_Problem to solve:_ Beginning with the line that holds "Porsche Macan 2.0", retype the rest of the listing exactly, last line included.

──────── Dataset records

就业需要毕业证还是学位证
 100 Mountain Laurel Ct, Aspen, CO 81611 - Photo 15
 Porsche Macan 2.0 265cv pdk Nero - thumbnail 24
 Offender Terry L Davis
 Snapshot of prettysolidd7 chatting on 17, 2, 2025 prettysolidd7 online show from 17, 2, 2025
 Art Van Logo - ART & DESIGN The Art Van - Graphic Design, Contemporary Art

────────────────

_The completed task:_
 Porsche Macan 2.0 265cv pdk Nero - thumbnail 24
 Offender Terry L Davis
 Snapshot of prettysolidd7 chatting on 17, 2, 2025 prettysolidd7 online show from 17, 2, 2025
 Art Van Logo - ART & DESIGN The Art Van - Graphic Design, Contemporary Art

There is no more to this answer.